DecisionTreeClassifier(class_weight=None, criterion='gini', max_depth=None,
            max_features=None, max_leaf_nodes=None,
            min_impurity_decrease=0.0, min_impurity_split=None,
            min_samples_leaf=1, min_samples_split=2,
            min_weight_fraction_leaf=0.0, presort=False, random_state=None,
            splitter='best')

In [18]:
# Generate predictions for the match winner of records in the test set 
y_predict = dt.predict(X_test)

# Calculate the accuracy score of the classifier
print "Accuracy score: " + str(round(accuracy_score(y_test, y_predict)*100, 3)) + "%"

Accuracy score: 58.411%


An accuracy of 58.4% is quite poor, so I decided to try out other machine learning algorithms

In [23]:
from sklearn.neighbors import KNeighborsClassifier
# Train a k-Nearest Neighbours classifier with the training data

neigh = KNeighborsClassifier(n_neighbors=3)
neigh.fit(X_train, y_train) 

KNeighborsClassifier(algorithm='auto', leaf_size=30, metric='minkowski',
           metric_params=None, n_jobs=1, n_neighbors=3, p=2,
           weights='uniform')

In [24]:
# Generate predictions and calculate the accuracy score of the model

y_predict = neigh.predict(X_test)
print "Accuracy score: " + str(round(accuracy_score(y_test, y_predict)*100, 3)) + "%"

Accuracy score: 60.015%


In [25]:
from sklearn.linear_model import LogisticRegression

# Train a Logistic Regression model with the training data

logreg = LogisticRegression()
logreg.fit(X_train, y_train)

# Generate predictions and calculate the accuracy score of the model

y_predict = logreg.predict(X_test)
print "Accuracy score: " + str(round(accuracy_score(y_test, y_predict)*100, 3)) + "%"

Accuracy score: 67.773%


The prediction results varied from poor to fairly good - the Logistic Regression model was reasonably accurate.
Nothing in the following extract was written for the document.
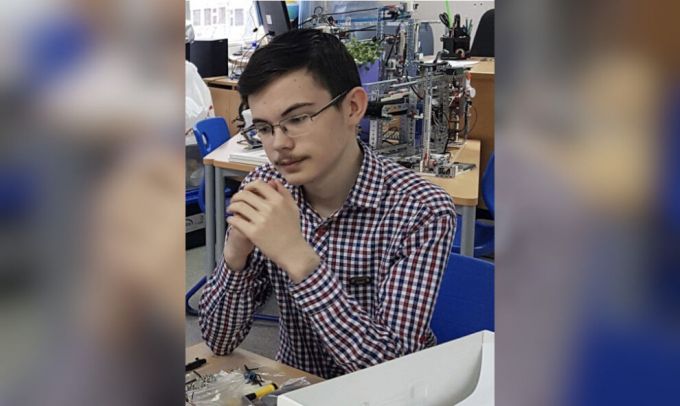Новоуренгойский школьник получил международное признание за исследования мюонов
However, even its prediction accuracy of just under 68% was a little disappointing. The model could be improved by:

 - Standardising the features
 - Using a feature selection algorithm
 - Tuning the model parameters
 - Using ensemble methods (such as random forests, bagging, boosting, etc)

Even though the results weren't as impressive as I'd hoped for, I learnt a lot by completing this project, and believe that by refining some of the data processing and modelling techniques that I used, much better models can be created to predict the outcome of ATP tennis matches. I hope to continue this project in in the future.